Introduction

This document is the final report of the Peer Assessment project from Coursera’s course Practical Machine Learning, as part of the Specialization in Data Science.

One thing that people regularly do is quantify how much of a particular activity they do, but they rarely quantify how well they do it. In this project, your goal will be to use data from accelerometers on the belt, forearm, arm, and dumbell of 6 participants.

The goal of this project is to predict the manner in which they did the exercise, this is the “classe” variable, using any of the other variables in the training set. This report describes how to build the model, how to use cross validation, and an explanation of what measures where necessary for this analysis.

For this project the caret package will be used to train a Random Forest model

library(caret)

The data can be obtained from the following links

The data will be loaded and then separated into a training and testing set.

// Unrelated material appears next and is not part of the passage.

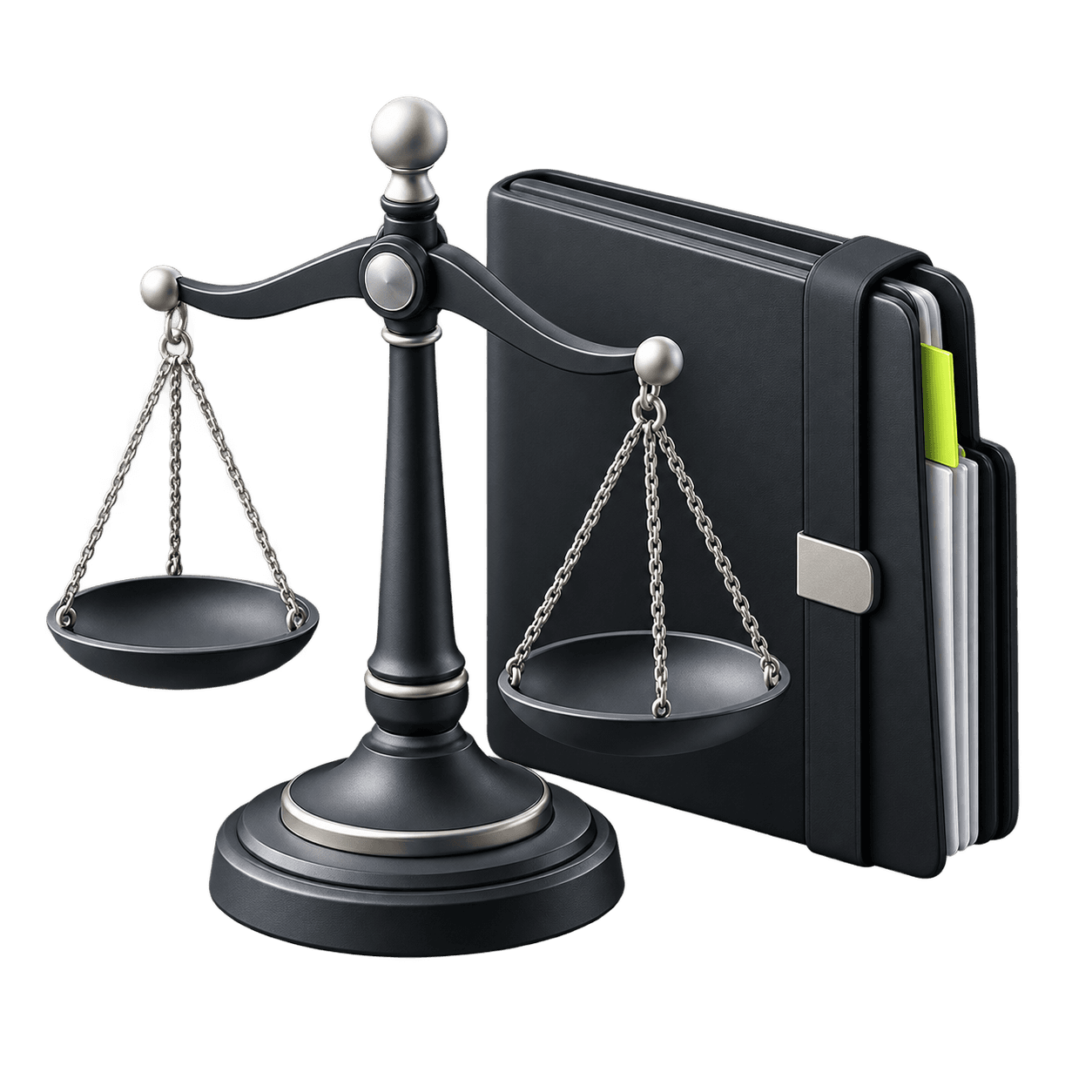 3D legal scales and case file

The training set will be used to train the model and the testing set will be used as cross validation to test the goodness of the model.

set.seed(323)
finalTest <- read.csv("./Data/pml-testing.csv")
training <- read.csv("./Data/pml-training.csv")

inTrain <- createDataPartition(training$classe,
                               p = 0.8, list = F)
testing <- training[-inTrain,]
training <- training[inTrain,]

Data Cleansing

The data set is quite big and many of the variables contain NAs so as a simplification step all vectors which contain a single NA will be taken out of the analysis. For this the function any.is.na will return TRUE if there is an NA and FALSE if there is not. The naIndex variables will store the vectors which hold an NA and this will be taken out of our data set. The first 7 vectors (excluding 2) does not contain any information needed for the model so they wont be taken into consideration.

The following code executes the described procedure

any.is.na <- function(vec){any(is.na(vec))}
naIndex.training <- sapply(training,any.is.na)
naIndex.finalTest <- sapply(finalTest,any.is.na)
naIndex <- !(naIndex.training | naIndex.finalTest)

training <- training[,naIndex]
testing <- testing[,naIndex]
eliminateIndex <- -c(1,3,4,5,6,7)
training <- training[,eliminateIndex]
testing <- testing[,eliminateIndex]

training$classe <- as.factor(training$classe)
testing$classe <- as.factor(testing$classe)

Training the Model

Due to the size of the data set the model can take a long time to train. To help speed the process parallel computing will be used to decrease the training time. Using the tictoc package one can measure the time it takes for the model to be trained. In order to speed the process a little further just 8000 samples taken at random wil be used to train the model since it gives great accuracy to pass the test while reducing the computing time

library(parallel)
library(doParallel)
library(tictoc)

cluster <- makeCluster(detectCores() - 1) # convention to leave 1 core for OS
registerDoParallel(cluster)
fitControl <- trainControl(method = "cv",
                           number = 5,
                           allowParallel = TRUE)

smallIndex <- sample(1:dim(training)[1],8000,replace = T)
tic()
# Model
modelFit <- train(classe~., data = training[smallIndex,], method = "rf", trControl = fitControl)
toc()
## 410.97 sec elapsed
stopCluster(cluster)
registerDoSEQ()

Model Accuracy and Prediction

Using the test set we can perform cross validation to test the accuracy of the model on a data set that was not use to train the model and whos result wont be bias by the training.

cm <- confusionMatrix(testing$classe,predict(modelFit,testing))
cm$overall[1]
##  Accuracy 
## 0.9806271

With a high accuracy of the Model the predictions for the new data set where the classe is not known will be made. The results will be checked during an automated test on the coursera web page.

pred <- predict(modelFit, finalTest)
pred
##  [1] B A B A A E D B A A B C B A E E A B B B
## Levels: A B C D E